I currently have a dictionary where the values are:
disney_data = {
'title': ['Gus (1976)',
'Johnny Kapahala: Back on Board (2007)',
'The Adventures of Huck Finn (1993)',
'The Simpsons (1989)',
'Atlantis: Milo’s Return (2003)']
}
I would like to split up the title from the year value and have a dictionary like:
new_disney_data = {
'title' : ['Gus',
'Johnny Kapahala: Back on Board',
'The Adventures of Huck Finn',
'The Simpsons',
'Atlantis: Milo’s Return'],
'year' : ['1976',
'2007',
'1993',
'1989',
'2003']
}
I tried using the following, but I know something is off - I'm still relatively fresh to python so any help would be greatly apprecated!

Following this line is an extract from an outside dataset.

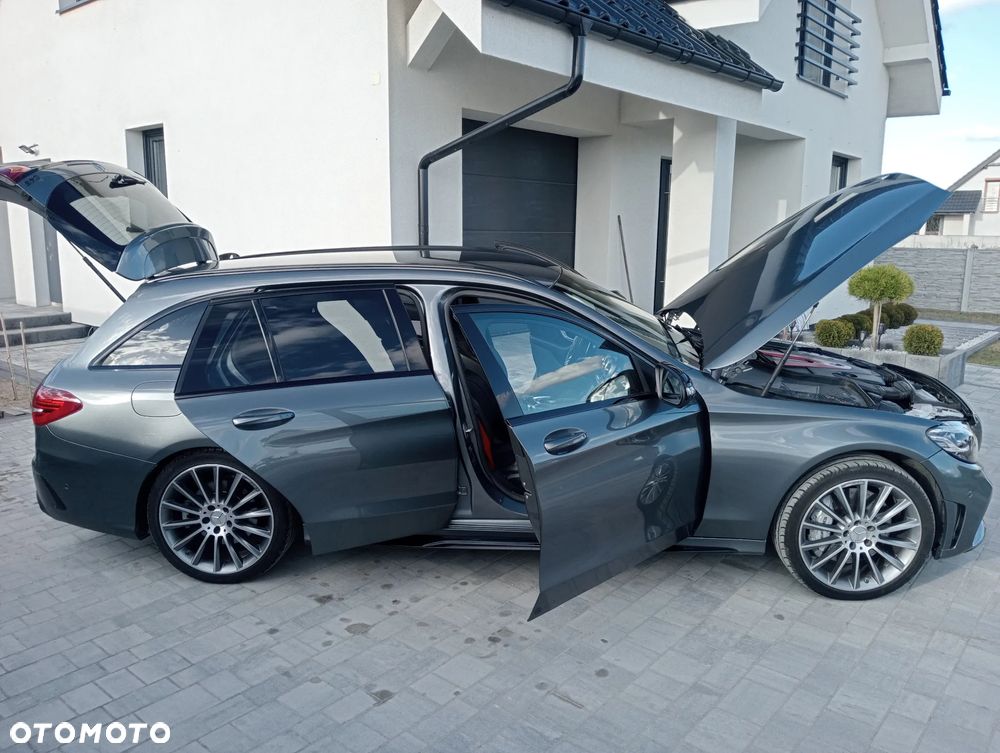 Mercedes-Benz Klasa C AMG 43 4Matic AMG TCT 9G - 28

for value in disney_data.values():
new_disney_data['title'].append(title[0,-7])
new_disney_data['year'].append(title[-7,-1])
CodePudding user response:
You're not that far off. In your for-loop you iterate over values of the dict, but you want to iterate over the titles. Also the string slicing syntax is [id1:id2]. So this would probably do what you are looking for:
new_disney_data = {"title":[], "year":[]}
for value in disney_data["title"]:
new_disney_data['title'].append(value[0:-7])

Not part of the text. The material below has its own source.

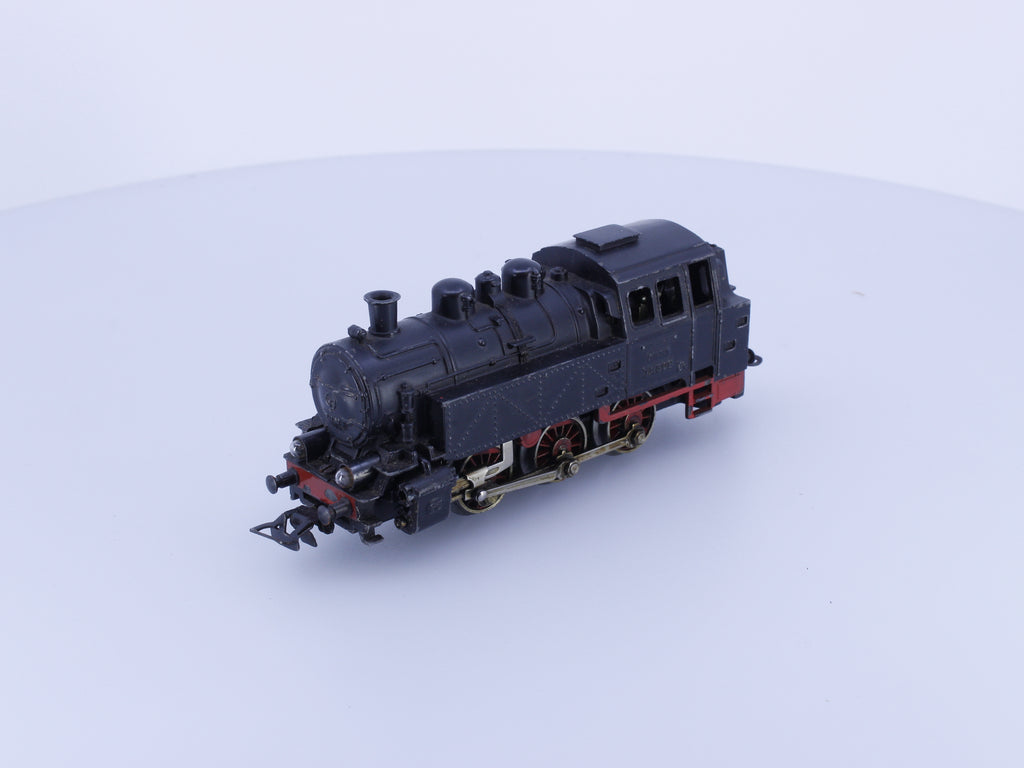 Marklin 3004 HO DB BR80 0-6-0 Steam Locomotive TM800 Analog AC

new_disney_data['year'].append(value[-5:-1])
CodePudding user response:
There are two concepts you can use here:
The first would be
.split()
. This usually works better than indexing in a string (in case someone placed a space after the brackets in the string, for example). Read more.The second would be comprehension. Read more.
Using these two, here is one possible solution.
titles = [item.split('(')[0].strip() for item in disney_data['title']]
years = [item.split('(')[1].split(')')[0].strip() for item in disney_data['title']]
new_disney_data = {
'title': titles,
'year': years
}
print(new_disney_data)
Edit: I also used .strip()
. This removes any trailing whitespace like spaces, tabs, or newlines from the ends of a string.
CodePudding user response:
new_disney_data = {
'title': [i[:-6].rstrip() for i in disney_data['title']],
'year': [i[-5:-1] for i in disney_data['title']]
}
CodePudding user response:
this code can do it
import re
disney_data = {
'title': ['Gus (1976)',
'Johnny Kapahala: Back on Board (2007)',
'The Adventures of Huck Finn (1993)',
'The Simpsons (1989)',
'Atlantis: Milo’s Return (2003)']
}
disney_data['year'] = []
for index,line in enumerate(disney_data.get('title')):
match = re.search(r'\d{4}', line)
if match is not None:
disney_data['title'][index] = line.split('(')[0].strip()
disney_data['year'].append(match.group())
print(disney_data)
it searches for every line in the title if there are 4 digits, if exists then add to year, and remove digits and parenthesis from the title.
CodePudding user response:
Something like this
disney_data = {
'title': ['Gus (1976)',
'Johnny Kapahala: Back on Board (2007)',
'The Adventures of Huck Finn (1993)',
'The Simpsons (1989)',
'Atlantis: Milo’s Return (2003)']
}
new_disney_data = {'title': [], 'year': []}
#split title into two columns title and year in new dict
for title in disney_data['title']:
new_disney_data['title'].append(title.split('(')[0]) #split title by '('
new_disney_data['year'].append(title.split('(')[1].split(')')[0]) #split year by ')'
print(disney_data)
print(new_disney_data)
CodePudding user response:
Using split and replace.
def split(data):
o = {'title' : [], 'year' : []}
for (t, y) in [d.replace(')','').split(' (') for d in data['title']]:
o['title'].append(t)
o['year'].append(y)
return o
Using Regular Expession
import re
def regex(data):
r = re.compile("(.*?) \((\d{4})\)")
o = {'title' : [], 'year' : []}
for (t, y) in [r.findall(d)[0] for d in data['title']]:
o['title'].append(t)
o['year'].append(y)
return o